Brief descriptive captions
▼

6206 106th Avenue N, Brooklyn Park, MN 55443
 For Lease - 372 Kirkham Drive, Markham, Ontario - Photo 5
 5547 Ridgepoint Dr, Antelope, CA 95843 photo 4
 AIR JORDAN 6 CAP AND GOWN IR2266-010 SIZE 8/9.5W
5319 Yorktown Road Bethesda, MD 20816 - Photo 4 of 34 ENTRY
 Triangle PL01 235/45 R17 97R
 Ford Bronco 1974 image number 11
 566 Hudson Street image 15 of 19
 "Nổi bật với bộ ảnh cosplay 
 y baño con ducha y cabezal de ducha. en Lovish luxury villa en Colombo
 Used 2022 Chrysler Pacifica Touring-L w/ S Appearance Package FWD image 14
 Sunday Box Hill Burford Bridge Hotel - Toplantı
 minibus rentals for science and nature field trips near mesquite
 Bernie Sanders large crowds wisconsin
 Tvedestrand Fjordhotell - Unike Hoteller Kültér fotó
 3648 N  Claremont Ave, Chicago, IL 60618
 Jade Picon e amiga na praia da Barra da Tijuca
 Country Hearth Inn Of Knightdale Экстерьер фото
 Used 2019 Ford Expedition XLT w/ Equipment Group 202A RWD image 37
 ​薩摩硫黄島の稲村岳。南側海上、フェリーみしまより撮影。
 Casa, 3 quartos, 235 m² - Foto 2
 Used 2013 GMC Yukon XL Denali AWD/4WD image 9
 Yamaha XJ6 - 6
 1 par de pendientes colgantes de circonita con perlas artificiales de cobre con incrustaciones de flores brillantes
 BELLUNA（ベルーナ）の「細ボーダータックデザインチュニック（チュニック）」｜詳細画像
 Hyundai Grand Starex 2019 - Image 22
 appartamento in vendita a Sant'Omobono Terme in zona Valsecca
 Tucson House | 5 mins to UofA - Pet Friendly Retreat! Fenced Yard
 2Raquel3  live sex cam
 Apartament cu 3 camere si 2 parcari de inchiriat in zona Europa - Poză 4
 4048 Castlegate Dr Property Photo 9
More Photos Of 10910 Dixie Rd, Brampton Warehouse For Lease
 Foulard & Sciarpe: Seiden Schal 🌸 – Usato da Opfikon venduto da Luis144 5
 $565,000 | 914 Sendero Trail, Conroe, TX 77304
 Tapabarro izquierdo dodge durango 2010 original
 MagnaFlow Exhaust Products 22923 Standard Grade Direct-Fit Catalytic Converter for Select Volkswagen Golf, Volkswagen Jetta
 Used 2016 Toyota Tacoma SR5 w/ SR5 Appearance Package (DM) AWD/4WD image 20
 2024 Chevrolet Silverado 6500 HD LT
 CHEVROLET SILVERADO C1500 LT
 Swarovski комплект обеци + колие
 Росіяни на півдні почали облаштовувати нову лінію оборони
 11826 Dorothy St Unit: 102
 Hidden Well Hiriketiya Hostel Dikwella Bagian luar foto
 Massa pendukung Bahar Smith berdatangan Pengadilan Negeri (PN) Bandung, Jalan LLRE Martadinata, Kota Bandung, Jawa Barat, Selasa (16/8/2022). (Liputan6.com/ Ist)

▲

What you have to do: Print every record exactly as written.

Reply:
6206 106th Avenue N, Brooklyn Park, MN 55443
 For Lease - 372 Kirkham Drive, Markham, Ontario - Photo 5
 5547 Ridgepoint Dr, Antelope, CA 95843 photo 4
 AIR JORDAN 6 CAP AND GOWN IR2266-010 SIZE 8/9.5W
5319 Yorktown Road Bethesda, MD 20816 - Photo 4 of 34 ENTRY
 Triangle PL01 235/45 R17 97R
 Ford Bronco 1974 image number 11
 566 Hudson Street image 15 of 19
 "Nổi bật với bộ ảnh cosplay 
 y baño con ducha y cabezal de ducha. en Lovish luxury villa en Colombo
 Used 2022 Chrysler Pacifica Touring-L w/ S Appearance Package FWD image 14
 Sunday Box Hill Burford Bridge Hotel - Toplantı
 minibus rentals for science and nature field trips near mesquite
 Bernie Sanders large crowds wisconsin
 Tvedestrand Fjordhotell - Unike Hoteller Kültér fotó
 3648 N  Claremont Ave, Chicago, IL 60618
 Jade Picon e amiga na praia da Barra da Tijuca
 Country Hearth Inn Of Knightdale Экстерьер фото
 Used 2019 Ford Expedition XLT w/ Equipment Group 202A RWD image 37
 ​薩摩硫黄島の稲村岳。南側海上、フェリーみしまより撮影。
 Casa, 3 quartos, 235 m² - Foto 2
 Used 2013 GMC Yukon XL Denali AWD/4WD image 9
 Yamaha XJ6 - 6
 1 par de pendientes colgantes de circonita con perlas artificiales de cobre con incrustaciones de flores brillantes
 BELLUNA（ベルーナ）の「細ボーダータックデザインチュニック（チュニック）」｜詳細画像
 Hyundai Grand Starex 2019 - Image 22
 appartamento in vendita a Sant'Omobono Terme in zona Valsecca
 Tucson House | 5 mins to UofA - Pet Friendly Retreat! Fenced Yard
 2Raquel3  live sex cam
 Apartament cu 3 camere si 2 parcari de inchiriat in zona Europa - Poză 4
 4048 Castlegate Dr Property Photo 9
More Photos Of 10910 Dixie Rd, Brampton Warehouse For Lease
 Foulard & Sciarpe: Seiden Schal 🌸 – Usato da Opfikon venduto da Luis144 5
 $565,000 | 914 Sendero Trail, Conroe, TX 77304
 Tapabarro izquierdo dodge durango 2010 original
 MagnaFlow Exhaust Products 22923 Standard Grade Direct-Fit Catalytic Converter for Select Volkswagen Golf, Volkswagen Jetta
 Used 2016 Toyota Tacoma SR5 w/ SR5 Appearance Package (DM) AWD/4WD image 20
 2024 Chevrolet Silverado 6500 HD LT
 CHEVROLET SILVERADO C1500 LT
 Swarovski комплект обеци + колие
 Росіяни на півдні почали облаштовувати нову лінію оборони
 11826 Dorothy St Unit: 102
 Hidden Well Hiriketiya Hostel Dikwella Bagian luar foto
 Massa pendukung Bahar Smith berdatangan Pengadilan Negeri (PN) Bandung, Jalan LLRE Martadinata, Kota Bandung, Jawa Barat, Selasa (16/8/2022). (Liputan6.com/ Ist)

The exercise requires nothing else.